Operation Manual

38 VHF 7000, 7100US, 7100EU Gebruikshandleiding
NAVMAN
Appendix B - Foutopsporing
1. De zendontvanger wil niet opstarten.
Een zekering kan doorgebrand zijn OF de voltage bereikt de zendontvanger niet.
a) Controleer de voedingskabel op sneeën, breuken of geplette stukken.
b) Nadat u de bedrading gecontroleert heeft, vervangt u de zekering van 7Amp. (er zijn 2
reservezekeringen bijgeleverd).
c) Controleer het voltage van de batterij. Deze moet hoger zijn dan 10,5V.
2. De zendontvanger doet de zekering doorbranden zodra hij wordt aangezet.
De electriciteitsdraden kunnen omgewisseld zijn.
a) Controleer of de rode draad is aangesloten op de positieve batterij terminal en de zwarte
draad op de negatieve batterij terminal.
3. De luidspreker maakt klappende of zeurende geluiden als de motor aanstaat.

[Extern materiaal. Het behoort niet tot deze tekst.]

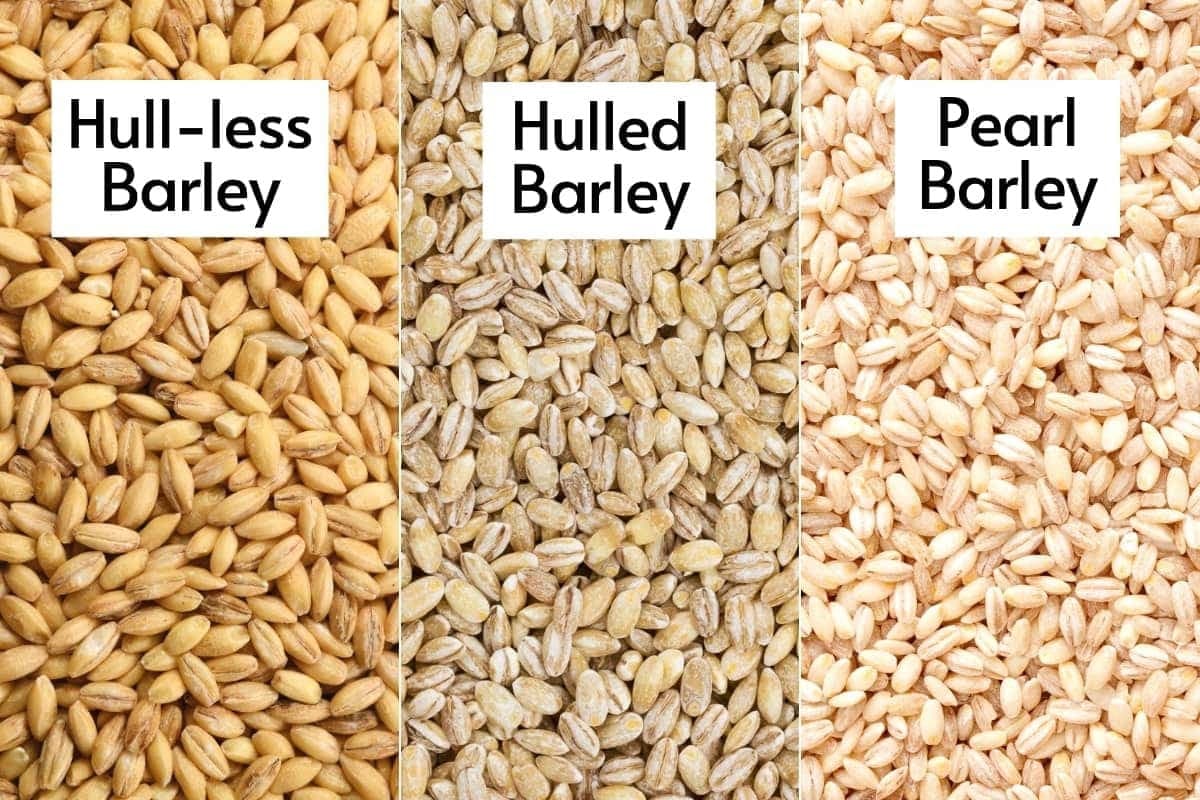 Hulless Barley barley-png-image-png-mart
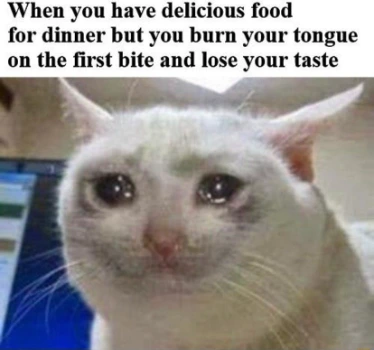 Crying cat meme sad burning tongue on dinner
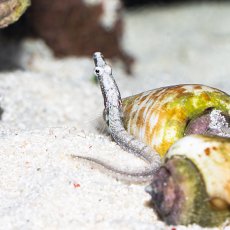 画像1: パイクブレニー　カリブ (1)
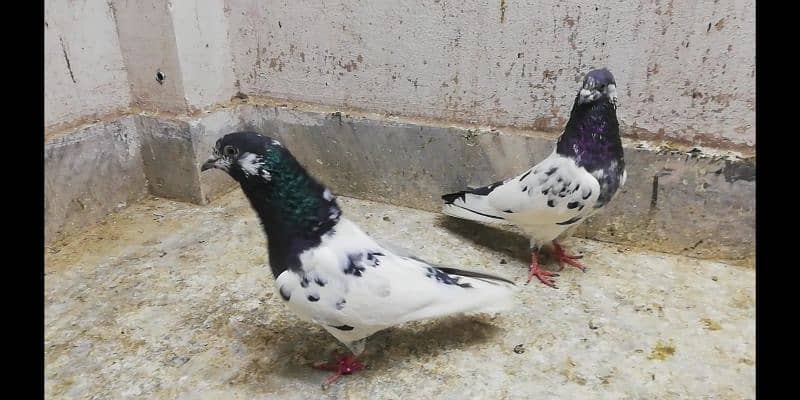 Ali  wale breeder pigeons males high quality kabootar location Sialkot 6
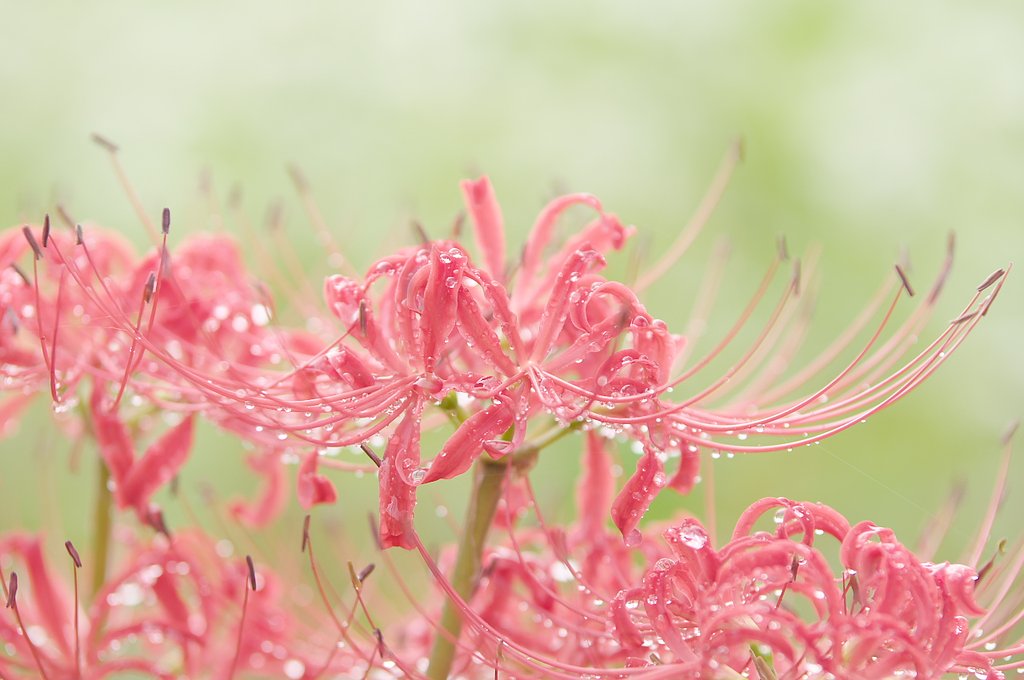朝露芳しく・・・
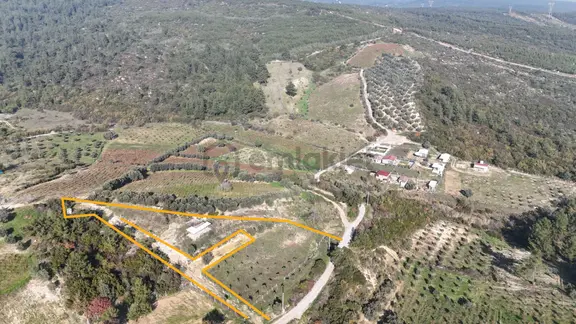 İzmir Menderes Çatalcada Elektrik Sulu Tapudan Satışlı Alt-sat Gelir Bahçeler 1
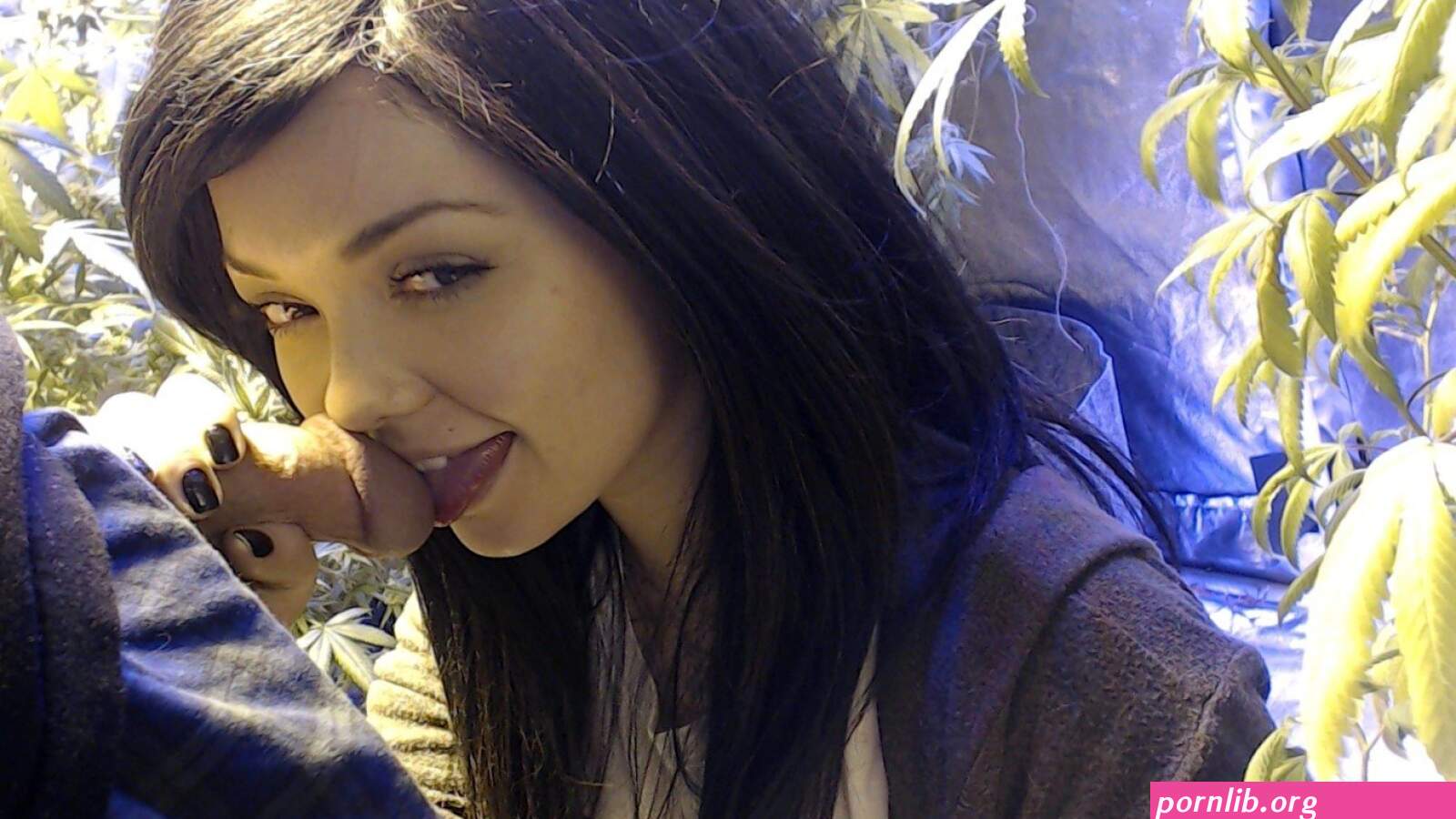 Soyacide Nude Leaked OnlyFans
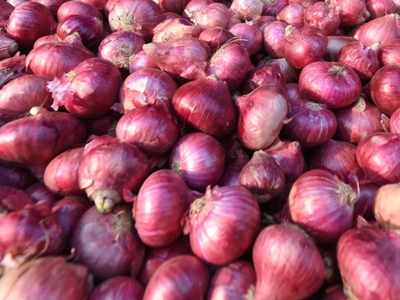 Detail Red Onion Image Nomer 33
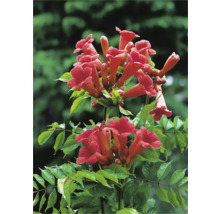 Trumpetranka OMNIA GARDEN Campsis radicans 5-pack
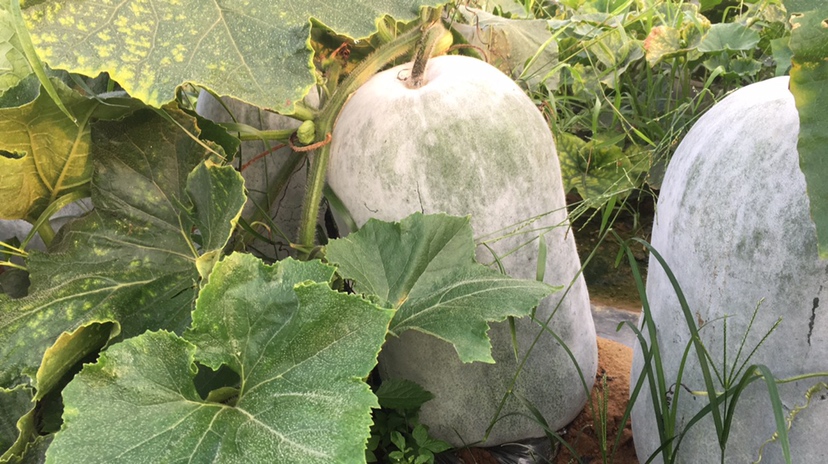 三色冬瓜整体外观展示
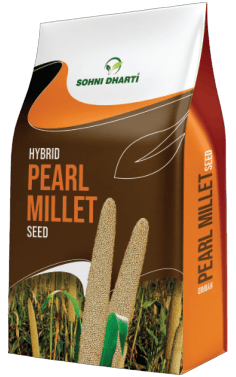 Hybrid Pearl Millet 55S90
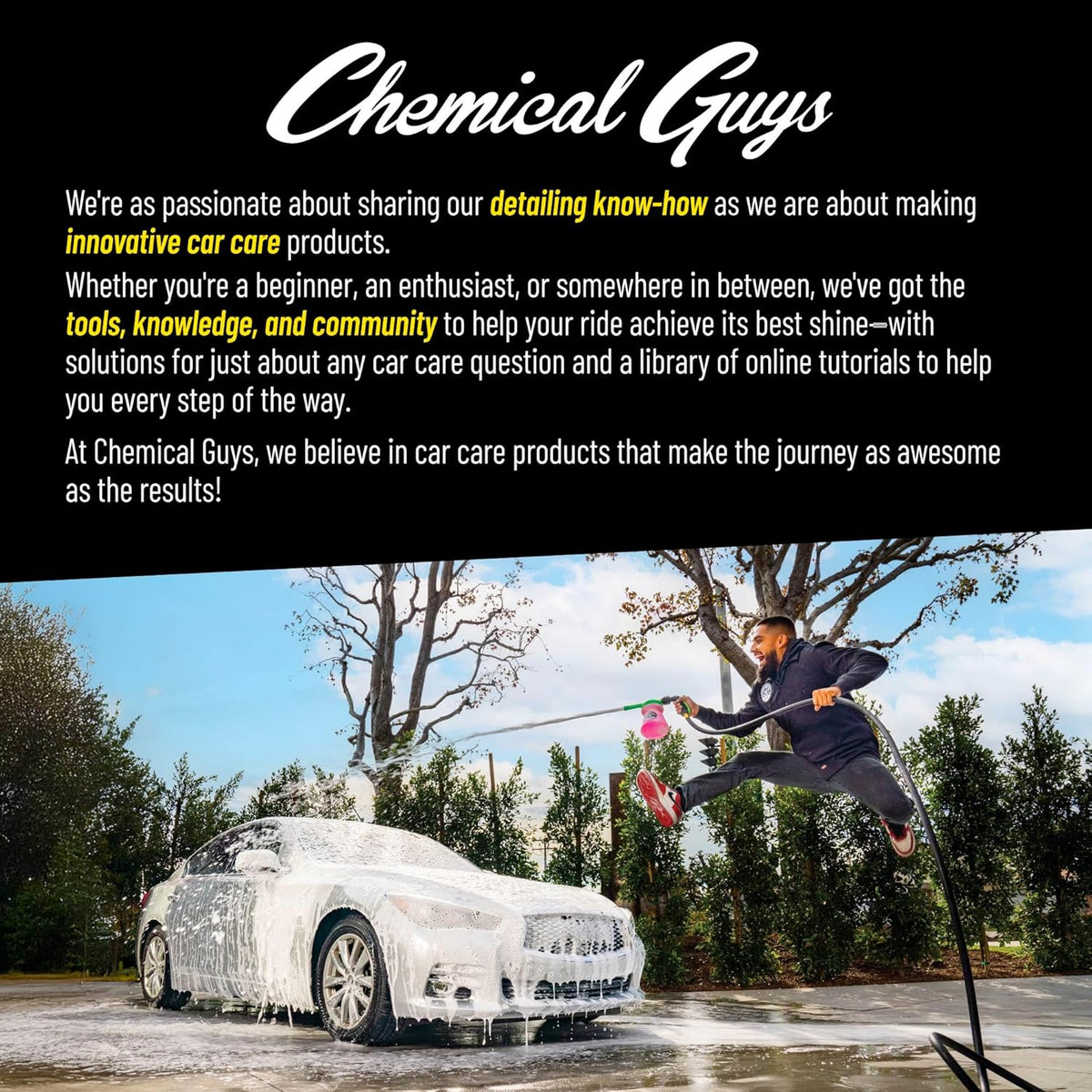 Chemical Guys Wheelie Wheel and Exterior Brush, Soft, Green - view 6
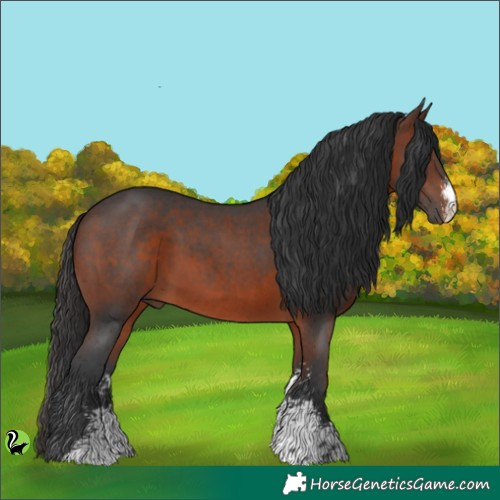 Horse Color:Brown Sabino 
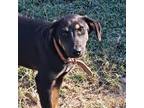 Adopt Demeter - Red a Black German Shepherd Dog / Labrador Retriever / Mixed dog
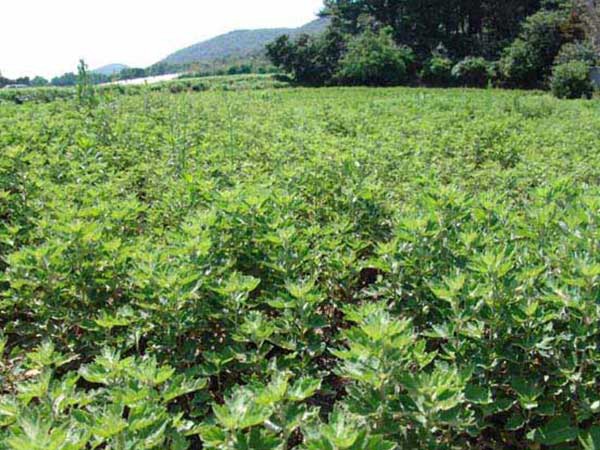 1627378918330373.jpg image.jpg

Electrisch geluid kan voor interferentie zorgen bij de zendontvanger.
a) Verleg de voedingskabels, verder bij de motor vandaan.
b) Zet een geluidsonderdrukker op de voedingskabel.
c) Gebruik resistente bougiekabels en/of gebruik een lter tegen het geluid.
4. Er komt geen geluid uit de externe luidspreker.
a) Controleer of de externe luidspreker fysiek is aangesloten.
b) Controleer de soldering van de kabel van de externe luidspreker.
5. Transmissies zijn altijd op lage capaciteit, zelfs als u hoge (HI) capaciteit heeft
geselecteerd.
De antenne kan gebrekkig zijn.
a) Test de zendontvanger met een andere antenne.
b) Laat de antenne nakijken.
6. Het batterij-symbool wordt weergegeven.
De voeding is te laag of te hoog.
a) Controleer het voltage van de batterij. Deze dient tenminste 10,5V ± 0,5V DC te zijn.
b) Controleer de ompoler op het schip.
7. Er wordt geen positie-informatie weergegeven.
De GPS kabel kan gebrekkig zijn of de GPS-instelling kan onjuist zijn.
a) Controleer of de GPS-kabel fysiek is aangesloten.
b) Controleer de polariteit van de GPS-kabel.
c) Controleer de baud rate instelling van de GPS, indien van toepassing. De baud rate instelling
dient 4800 te zijn en pariteit moet op NONE staan.